By Devin Orsini
How many plastic water bottles do you go through in a day? If you’re like many Canadians and have purchased a reusable water bottle, your answer is most likely very few, if any at all.
Unfortunately, there are still many Canadians that use disposable water bottles on a daily basis, myself included. Families can go through hundreds of bottles a year. If you don’t believe me, then just look at your neighbours’ recycling bins. Take a peek at the cascading receptacles at the end of so many driveways on garbage day.
Disposable water bottles are sold in every business and building, on every corner of every street. Convenience plays a part, despite how easy it is to purchase a reusable water bottle.
The city of San Francisco has recently banned the selling of plastic water bottles on city property, which they will retroactively enforce over several years.

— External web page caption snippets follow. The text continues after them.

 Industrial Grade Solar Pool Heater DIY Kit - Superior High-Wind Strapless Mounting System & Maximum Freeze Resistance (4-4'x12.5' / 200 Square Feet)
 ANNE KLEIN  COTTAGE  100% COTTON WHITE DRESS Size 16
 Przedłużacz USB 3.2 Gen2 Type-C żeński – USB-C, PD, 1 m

Algonquin sells plastic water bottles in every cafeteria, vending machine and in most buildings. We have all heard the negative effects plastic water bottles have on the environment. Millions of bottles a year are sent to landfills instead of being recycled; it takes a massive amount of energy to manufacture, ship and dispose of them, not to mention the harmful chemicals they secrete into the water that get passed to consumers. You don’t need a statistic or a survey to tell you that we, as an institution, go through a lot of plastic. Almost 20,000 students attend Algonquin. By discontinuing the sale of plastic water bottles, we would eliminate a large quantity of plastic the college “recycles.” It would encourage students and staff to purchase reusable water bottles and it would start a trend that other businesses and institutions would be encouraged to follow.

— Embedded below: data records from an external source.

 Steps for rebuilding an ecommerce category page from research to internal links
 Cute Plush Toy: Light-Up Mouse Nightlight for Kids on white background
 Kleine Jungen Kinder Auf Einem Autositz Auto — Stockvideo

Just because something is recyclable, doesn’t mean it’s always recycled. All the time I see people throw plastic bottles and other recyclables in the garbage.

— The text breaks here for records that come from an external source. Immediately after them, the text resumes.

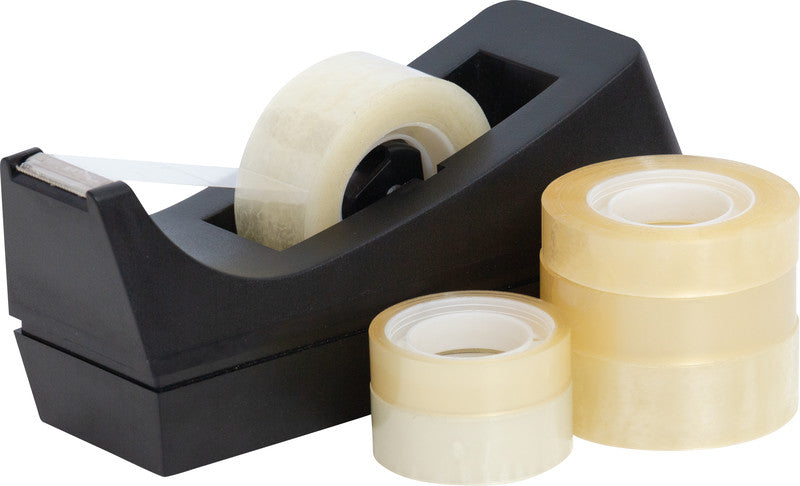 Q-Connect Tischabroller – für Rollenbreite bis 19 mm, für Bandlänge bis 33 m, rutschfest, Metallmesser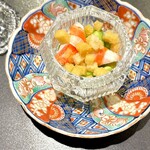 蓬左茶寮 - 枝豆と天然車海老のサラダ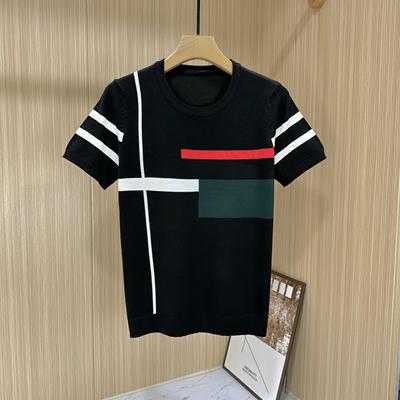 针织短袖T恤男士圆领夏季针织半袖薄款修身上衣撞色提花体恤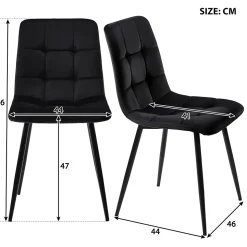 Ensemble Table Rectangulaire 120x70 cm et 4 Chaises en Velours Noir - Dossier Rembourré, MDF Blanche, Pieds Noirs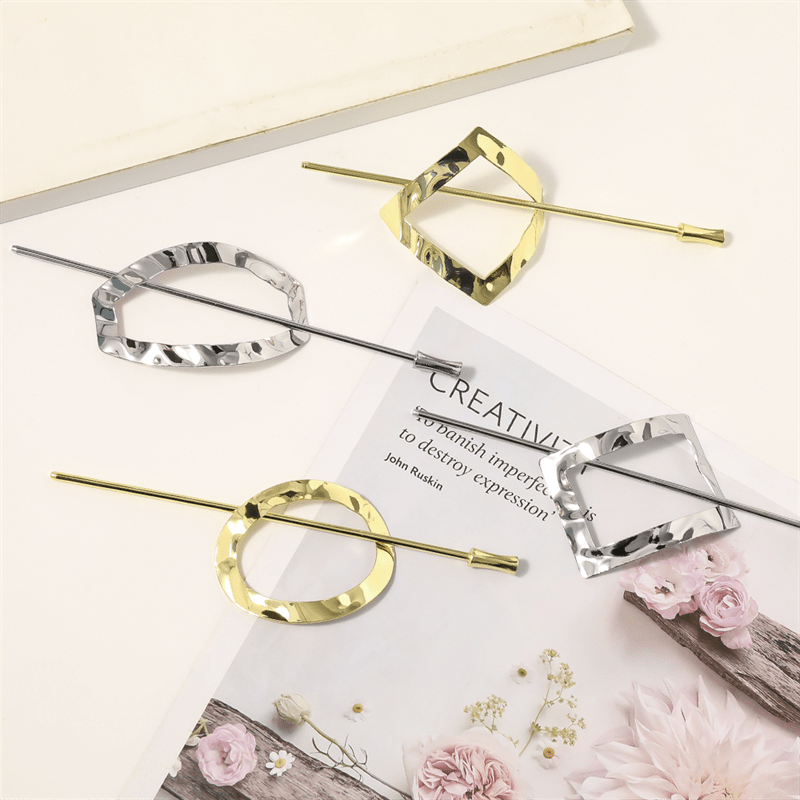 Chris Rubin Nova Rechteckige Haarspange mit Schnalle – Gold – Haaraccessoires | Fashiongirl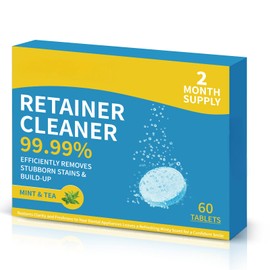 Retainer Cleanser for Mouth Guards, Fresh Mint Tea Orthodontic Braces, and Denture Stains Clean & Remove, 60 Tablets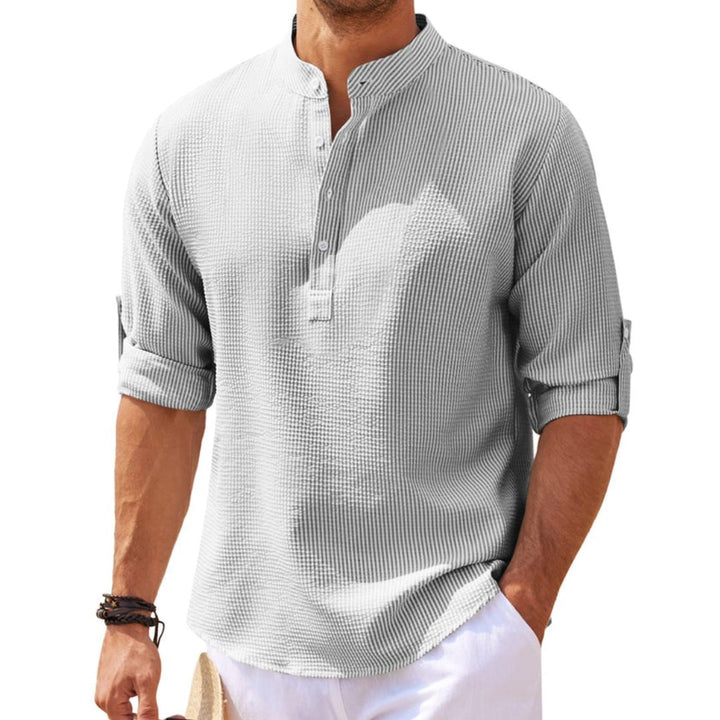 Männer Leinenhemd, grau, Stehkragen, langärmlig, lässig, Sommermode, atmungsaktiv.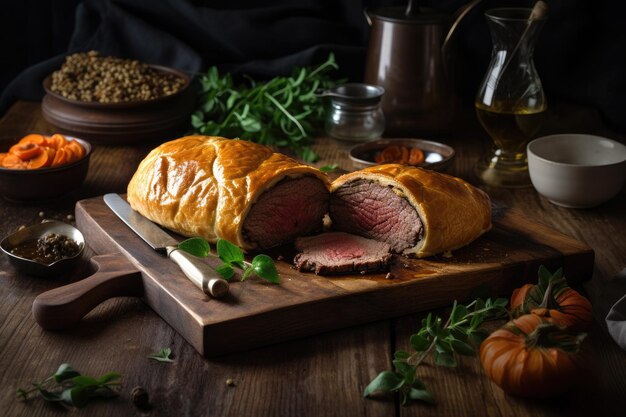 Juicy Beef Wellington plato de lomo sobre mesa de madera rústica comida inglesa Ai generativo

On the other hand, the college would be denying its students and staff a basic necessity. It would divert people to outside food vendors and conveniences and therefore hitting Algonquin financially. It would also make it very inconvenient for those who buy water bottles on a regular basis.
The college is making strides towards accommodating those with reusable water bottles. Physical Resources claims there are water bottle refill stations in every building, the same most commonly found on city property and gyms across Ottawa.
So many plastic water bottles are being thrown into landfills across Canada, instead of being used to build bridges and playgrounds for kids. What’s safer than a playground made of recycled plastic water bottles?